Menurut Bambang, rekomendasi kepada MPR periode saat ini agar melakukan penataan sistem ketatanegaraan melalui amendemen UUD. Ada 44 orang di Badan Pengkajian, dengan empat wakil ketua.
Tugas amendemen itu disusun dalam sebuah renstra atau rencana strategis. Ada 15 topik yang harus dikaji yang dibagi dalam lima kelompok.
Kelima kelompok itu membahas Pancasila, posisi MPR (kewenangan), pemerintahan (sistem presidensial), penguatan atau penataan kembali DPD, dan pembahasan kewenangan Mahkamah Agung, MK, dan KY.
''Kami merumuskan dengan berkomunikasi dengan tokoh masyarakat, daerah, politik dan perguruan tinggi.
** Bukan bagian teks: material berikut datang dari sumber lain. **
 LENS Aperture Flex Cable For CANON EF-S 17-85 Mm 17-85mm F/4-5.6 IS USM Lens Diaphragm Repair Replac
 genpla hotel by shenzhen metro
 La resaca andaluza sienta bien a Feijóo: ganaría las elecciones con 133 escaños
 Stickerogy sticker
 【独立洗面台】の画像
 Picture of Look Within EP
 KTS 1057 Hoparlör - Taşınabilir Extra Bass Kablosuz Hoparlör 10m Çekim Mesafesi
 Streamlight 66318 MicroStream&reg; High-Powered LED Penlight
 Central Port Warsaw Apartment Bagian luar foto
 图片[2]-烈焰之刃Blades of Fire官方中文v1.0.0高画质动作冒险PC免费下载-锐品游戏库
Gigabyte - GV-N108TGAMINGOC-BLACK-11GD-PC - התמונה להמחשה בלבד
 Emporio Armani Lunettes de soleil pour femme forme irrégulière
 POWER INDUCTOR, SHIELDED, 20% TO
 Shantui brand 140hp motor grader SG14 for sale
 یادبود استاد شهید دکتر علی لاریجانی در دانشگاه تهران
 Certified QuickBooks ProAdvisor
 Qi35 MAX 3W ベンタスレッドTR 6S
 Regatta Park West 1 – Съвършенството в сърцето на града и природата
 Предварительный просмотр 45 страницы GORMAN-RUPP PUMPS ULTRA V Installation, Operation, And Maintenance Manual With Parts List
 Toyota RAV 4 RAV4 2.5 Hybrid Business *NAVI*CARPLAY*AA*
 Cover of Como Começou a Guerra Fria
Lalu, 2016 kita fokuskan agar temanya makin mengerucut,'' kata Bambang dalam diskusi majelis di Kompleks Parlemen Senayan, Jakarta, Selasa (15/3).
Sebab, apa yang dilakukan MPR pada umumnya mendapat respons positif dari fraksi-fraksi. Ada beberapa topik yang menarik, seperti PDIP yang mengusulkan reformulasi konsep pembangunan model GBHN dengan adendum.
Artinya, lanjut dia, amendemen itu sekaligus menjawab anggapan masyarakat ini tidak akan merembet ke mana-mana. Poin yang akan diubah harus disebutkan pasalnya dengan jelas, bunyi perubahan, dan argumentasi jelas.
''Setelah mengkaji, kita akan melakukan perumusan-perumusan. Maka, kita sudah mulai menjabarkan kembali kesimpulan yang sudah dilakukan 2015,'' ujarnya.
Anggota Badan Pengkajian TB Soenmandjaja menilai, banyak yang ingin menabrakkan UUD pascaperubahan dengan UU yang asli. Perubahan UUD yang terakhir juga bukan inisiatif MPR, melainkan dari mahasiswa, aktivis, dan lainnya.
Pascadicabutnya TAP MPR No 2 Tahun 1978 oleh MPR hasil Pemilu 97, serta dicabutnya TAP No 2 Tahun 1998 berdampak besar terhadap Pancasila. Setelah itu, seketika Pancasila tidak terdengar lagi.
''Bahkan, 60 persen kepala daerah tidak hafal Pancasila,'' ucap politisi PKS tersebut.